Milne tries to dress up his metaphor by pretending the Howard government was just as bad as the current Labor mob, but we know he doesn't really mean it. He's just trying to show how a putative Milne's Law has universal application and appeal.
Before we reach any final conclusion, we have to endure a little scientific gobbledegook as Milne spends the rest of his indulgent - and our precious wasted - time rabbiting on about Speaker Jenkins and Question Time, and last week's follies.
But then the final para arrives and the Law is unveiled.
Well, if the Parliament becomes a rubber stamp for the executive, you're headed well down the road of authoritarian government. If you don't believe that, take a visit to Pyongyang.
Well we might be on the road to North Korea, but my bet is if you read the Sunday Telegraph for anything more than short bursts, you're well on the highway to Susan Greenfield plastic brain stupidity.
But never mind, there it is.
Incontrovertible proof, and so a new Law is born:
(a1) As a tabloid column grows longer, the probability of a comparison involving North Korea approaches 1.

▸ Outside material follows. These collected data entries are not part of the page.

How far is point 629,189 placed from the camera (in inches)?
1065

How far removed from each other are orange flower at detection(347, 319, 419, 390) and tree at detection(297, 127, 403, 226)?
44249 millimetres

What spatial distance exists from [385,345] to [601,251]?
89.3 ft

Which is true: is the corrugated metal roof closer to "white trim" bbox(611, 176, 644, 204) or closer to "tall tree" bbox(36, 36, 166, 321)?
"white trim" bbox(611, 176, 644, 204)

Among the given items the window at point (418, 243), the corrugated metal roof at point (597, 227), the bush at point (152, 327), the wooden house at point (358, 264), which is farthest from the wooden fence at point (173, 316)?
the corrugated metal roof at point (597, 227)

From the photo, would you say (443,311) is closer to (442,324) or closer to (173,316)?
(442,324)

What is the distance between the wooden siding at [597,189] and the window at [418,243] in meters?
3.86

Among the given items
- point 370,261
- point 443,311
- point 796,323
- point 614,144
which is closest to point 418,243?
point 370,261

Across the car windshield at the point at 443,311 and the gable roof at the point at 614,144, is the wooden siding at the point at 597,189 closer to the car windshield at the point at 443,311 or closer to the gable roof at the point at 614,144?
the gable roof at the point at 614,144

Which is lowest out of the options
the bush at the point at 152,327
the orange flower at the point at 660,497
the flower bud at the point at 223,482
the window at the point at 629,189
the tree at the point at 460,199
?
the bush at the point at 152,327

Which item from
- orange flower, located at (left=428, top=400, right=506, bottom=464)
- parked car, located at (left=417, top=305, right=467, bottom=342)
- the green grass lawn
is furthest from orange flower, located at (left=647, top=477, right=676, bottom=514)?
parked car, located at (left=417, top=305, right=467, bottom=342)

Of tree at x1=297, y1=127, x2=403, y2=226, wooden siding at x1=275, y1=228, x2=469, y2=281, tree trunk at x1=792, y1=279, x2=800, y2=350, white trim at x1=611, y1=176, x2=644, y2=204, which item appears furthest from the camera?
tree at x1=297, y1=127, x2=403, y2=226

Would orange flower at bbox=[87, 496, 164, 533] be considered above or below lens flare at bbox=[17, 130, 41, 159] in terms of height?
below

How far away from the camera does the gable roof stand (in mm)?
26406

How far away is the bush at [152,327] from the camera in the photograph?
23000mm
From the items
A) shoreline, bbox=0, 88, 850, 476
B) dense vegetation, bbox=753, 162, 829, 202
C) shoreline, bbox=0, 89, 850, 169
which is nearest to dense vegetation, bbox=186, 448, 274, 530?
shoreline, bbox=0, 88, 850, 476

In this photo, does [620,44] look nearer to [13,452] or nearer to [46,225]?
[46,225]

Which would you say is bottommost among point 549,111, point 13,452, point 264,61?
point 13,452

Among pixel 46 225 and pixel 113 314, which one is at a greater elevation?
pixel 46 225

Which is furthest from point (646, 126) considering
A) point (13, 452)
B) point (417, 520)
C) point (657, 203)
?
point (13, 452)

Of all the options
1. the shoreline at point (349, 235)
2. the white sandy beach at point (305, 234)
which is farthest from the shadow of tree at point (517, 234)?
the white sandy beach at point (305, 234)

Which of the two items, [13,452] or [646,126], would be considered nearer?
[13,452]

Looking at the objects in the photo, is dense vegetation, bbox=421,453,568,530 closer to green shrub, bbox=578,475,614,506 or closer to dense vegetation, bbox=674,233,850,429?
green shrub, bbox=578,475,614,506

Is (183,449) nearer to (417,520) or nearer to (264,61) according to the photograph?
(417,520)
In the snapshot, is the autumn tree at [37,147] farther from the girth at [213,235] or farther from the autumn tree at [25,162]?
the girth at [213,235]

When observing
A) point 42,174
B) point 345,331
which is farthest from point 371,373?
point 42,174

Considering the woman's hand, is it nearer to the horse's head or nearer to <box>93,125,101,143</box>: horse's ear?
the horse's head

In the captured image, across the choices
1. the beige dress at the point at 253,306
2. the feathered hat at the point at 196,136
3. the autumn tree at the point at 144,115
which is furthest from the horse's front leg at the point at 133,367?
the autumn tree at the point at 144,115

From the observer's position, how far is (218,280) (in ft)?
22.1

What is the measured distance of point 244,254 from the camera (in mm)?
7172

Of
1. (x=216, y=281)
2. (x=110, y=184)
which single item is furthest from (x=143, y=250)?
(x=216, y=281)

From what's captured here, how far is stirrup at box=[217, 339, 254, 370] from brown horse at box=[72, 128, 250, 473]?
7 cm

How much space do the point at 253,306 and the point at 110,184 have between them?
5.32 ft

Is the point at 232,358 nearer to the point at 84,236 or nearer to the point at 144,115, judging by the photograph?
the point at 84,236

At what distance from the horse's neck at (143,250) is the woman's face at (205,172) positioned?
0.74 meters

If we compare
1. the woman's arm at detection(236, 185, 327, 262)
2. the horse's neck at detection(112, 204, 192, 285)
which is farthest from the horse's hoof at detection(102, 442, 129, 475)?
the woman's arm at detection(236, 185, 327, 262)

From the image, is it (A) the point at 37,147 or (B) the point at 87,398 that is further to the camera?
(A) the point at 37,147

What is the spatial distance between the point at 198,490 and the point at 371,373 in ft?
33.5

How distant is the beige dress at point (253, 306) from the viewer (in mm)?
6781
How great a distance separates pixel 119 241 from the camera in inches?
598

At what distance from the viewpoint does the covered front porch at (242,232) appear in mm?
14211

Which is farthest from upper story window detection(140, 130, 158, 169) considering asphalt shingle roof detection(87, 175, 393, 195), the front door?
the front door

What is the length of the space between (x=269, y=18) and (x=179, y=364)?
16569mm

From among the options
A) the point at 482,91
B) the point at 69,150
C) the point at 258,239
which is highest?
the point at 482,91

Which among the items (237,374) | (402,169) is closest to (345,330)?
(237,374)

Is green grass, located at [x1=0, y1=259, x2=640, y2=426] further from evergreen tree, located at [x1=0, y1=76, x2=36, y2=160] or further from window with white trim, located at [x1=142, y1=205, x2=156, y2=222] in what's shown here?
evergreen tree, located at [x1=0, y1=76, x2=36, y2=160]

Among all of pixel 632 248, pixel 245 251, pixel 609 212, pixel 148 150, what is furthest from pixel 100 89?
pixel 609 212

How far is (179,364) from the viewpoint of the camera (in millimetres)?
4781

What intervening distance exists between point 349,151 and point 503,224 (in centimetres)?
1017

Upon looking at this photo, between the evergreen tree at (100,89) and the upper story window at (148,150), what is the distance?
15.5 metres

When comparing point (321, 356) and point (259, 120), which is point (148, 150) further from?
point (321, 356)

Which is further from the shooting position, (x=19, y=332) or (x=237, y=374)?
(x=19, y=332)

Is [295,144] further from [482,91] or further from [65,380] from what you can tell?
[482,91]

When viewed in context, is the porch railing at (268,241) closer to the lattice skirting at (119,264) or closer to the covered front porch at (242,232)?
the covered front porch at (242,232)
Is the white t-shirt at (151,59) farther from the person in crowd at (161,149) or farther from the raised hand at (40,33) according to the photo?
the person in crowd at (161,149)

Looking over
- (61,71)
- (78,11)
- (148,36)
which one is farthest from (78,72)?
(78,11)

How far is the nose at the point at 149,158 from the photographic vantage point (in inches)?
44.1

(a2) Additionally, the probability of the comparison being valid will approach zero (unless by a quirkish inversion of the law, the comparison is being made to establish the lack of validity in the comparison, which nonetheless may also approach zero).
(a3) Further, a reference to Orwellian and North Korea in the one column ostensibly about another subject - say Australian politics - guarantees that the columnist will turn into a quark.
So there we have it. Glenn Milne = quark. QED.
Thank the lord, now I can move on safely to my own regular and reliable comparison of Senator Stephen Conroy's interweb filter to the devices deployed by North Korea, China and Iran. Yep, the filter grows more Orwellian daily in its implications ...
Yeay, Milne's Law! It's aliiive! Gold star time. Hooting quark quickly disappears over the horizon ...
(And why you ask, doesn't this site write about the likes of Annabel Crabb? Well she actually has a sense of humor, which isn't the same as being funny. Questionable logic all round).